▶ Data provided:

────

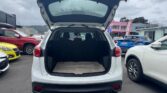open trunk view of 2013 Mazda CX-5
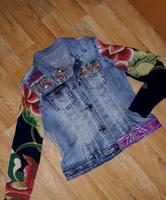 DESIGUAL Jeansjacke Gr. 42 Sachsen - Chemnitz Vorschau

────

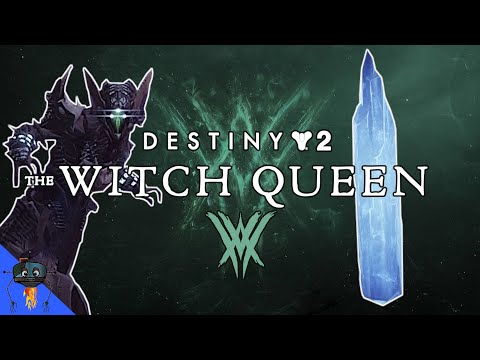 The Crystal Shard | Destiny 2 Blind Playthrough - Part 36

────

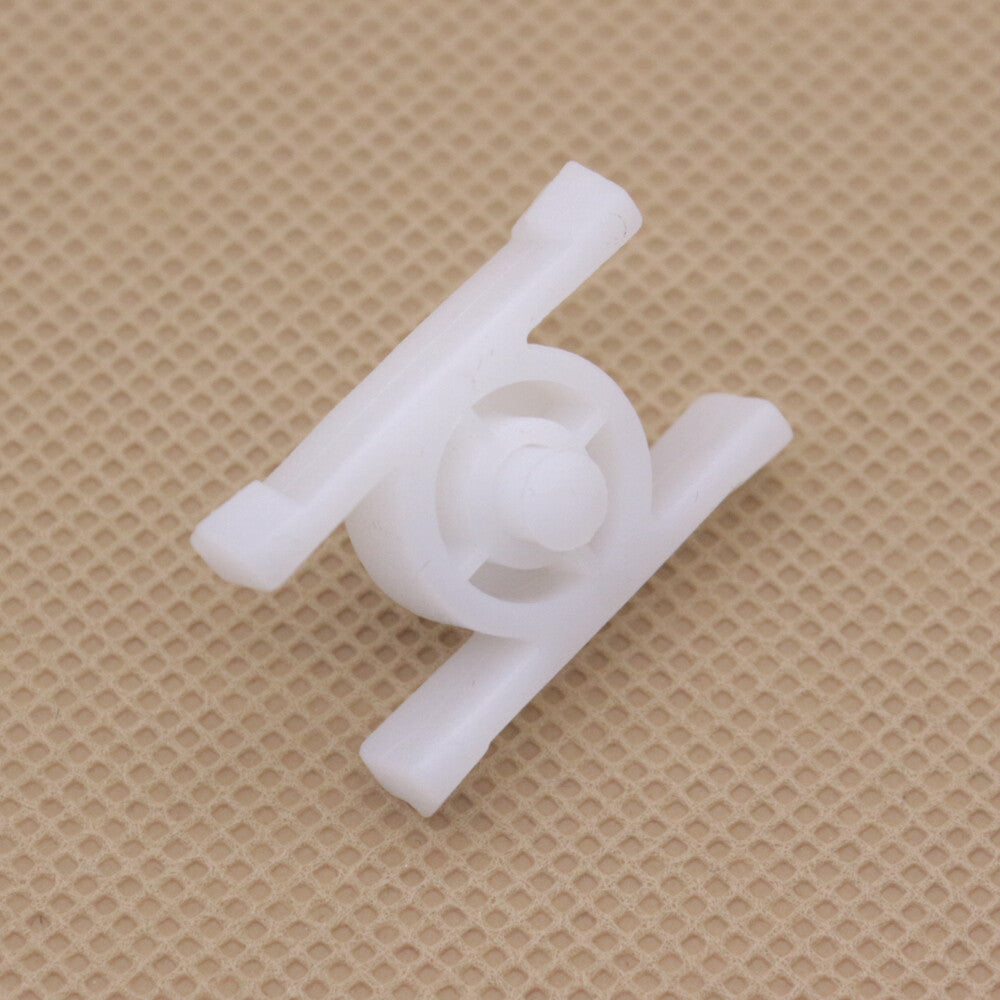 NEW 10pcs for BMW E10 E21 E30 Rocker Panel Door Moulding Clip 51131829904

────

▶ What you have to do:
Range to copy from the records above: the line containing "open trunk view of 2013 Mazda CX-5" to the line containing "DESIGUAL Jeansjacke Gr.", both included. Output those lines exactly and only those, skipping pictures.

▶ Solution for this task:
open trunk view of 2013 Mazda CX-5
 DESIGUAL Jeansjacke Gr. 42 Sachsen - Chemnitz Vorschau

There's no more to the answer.